Looking purely at the evening sales, results were considerably up from a downbeat spring series in 2025. The trio of evening sales at Christie’s – comprising the general 20th and 21st-century art sale, the Art of the Surreal and the Roger and Josette Vanthournout collection – totalled £197.4m (all results include fees), up 52 per cent from last year’s equivalent. Meanwhile at Sotheby’s the previous night, the modern and contemporary evening auction made £131m, with all 53 lots on offer sold – an increase of 110 per cent from March 2025.

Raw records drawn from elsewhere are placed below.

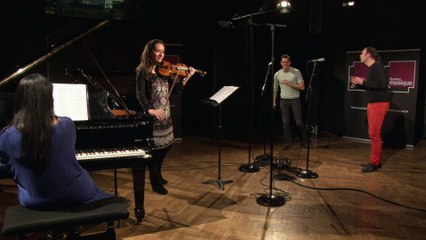 Chants d'oiseaux Dvorak le silence des bois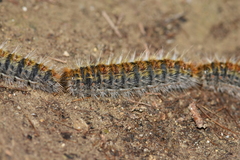 Thaumetopoea pityocampa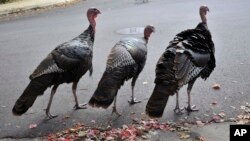 Wild turkeys walk along a street in a residential neighborhood in Brookline, Mass., Sept. 27, 2017.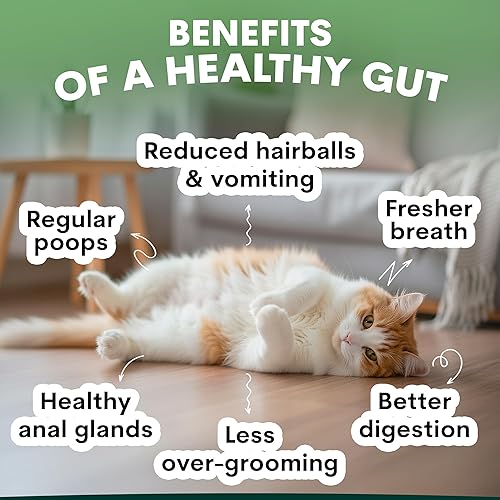 Miniatura 3 de Paquete de probióticos para gatos y probióticos para perros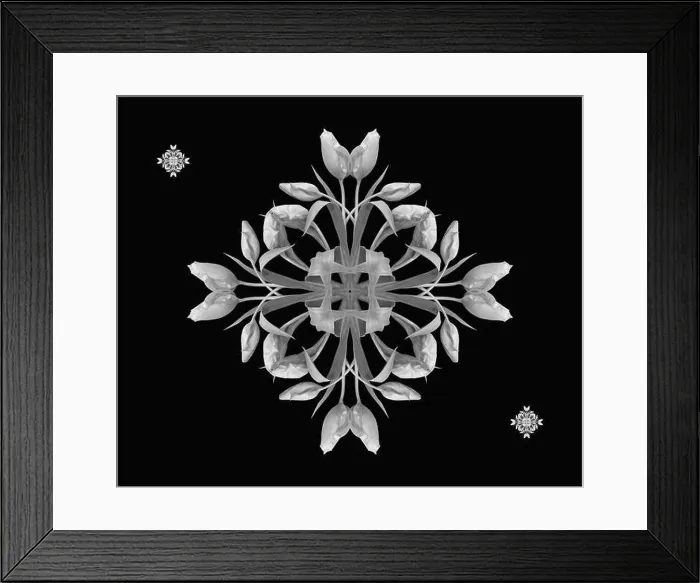 Framed Print : Fine art floral monochrome decorative Framed Print : Fine art floral monochrome decorative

It was a particularly strong week for modern British artists. The top price of the week came at Christie’s, when Henry Moore’s King and Queen (conceived in 1952–53) sold for £26.3m (including buyer’s premium) – a new auction record for the artist. Six bidders vied for the monumental bronze for almost eight minutes, pushing it well above the cautious £10m–£15m estimate.
The work was not guaranteed and received ‘international, private and institutional interest’ before the sales, says Katharine Arnold, Christie’s vice-chairman of 20th and 21st-century art. ‘Monumental Henry Moore is so difficult to secure now,’ she says. ‘There are just so few great casts in private hands and that’s true for almost all dates, even the later work.’
King and Queen will be familiar to many as the sculpture depicted on a windswept moor in black-and-white photographs that Moore kept pinned in his studio, and would later appear in his 1955 catalogue raisonné and numerous books. Though Christie’s does not disclose any names in the provenance, William ‘Tony’ Keswick, a Scottish landowner and banker, bought the work from Moore in 1954 and installed it on his Glenkiln estate in Dumfriesshire. Moore recalls being invited to stay: ‘[Keswick] showed me a scar on one hillside – a kind of scooping out, that formed a natural dais. We thought that this would be the right spot for King and Queen, and here eventually the two figures were placed. They look across 40 miles of countryside into England.’
In 1995 the King and Queen were mysteriously beheaded, following some local discontent about ‘hideous bits of metal and the like’ ruining the landscape, to quote one disgruntled letter to the Keswicks. The sawn-off heads were later reattached.
King and Queen remained in the same spot for 70 years, passed down to Henry Keswick and his wife Tessa Keswick, who died in 2024 and 2022 respectively. The cast, which was produced in an edition of four plus one artist’s copy, is the only example left in private hands. Later casts were made for the Tate in 1957 and the Henry Moore Foundation in 1985. The identity of the buyer last night remains a mystery.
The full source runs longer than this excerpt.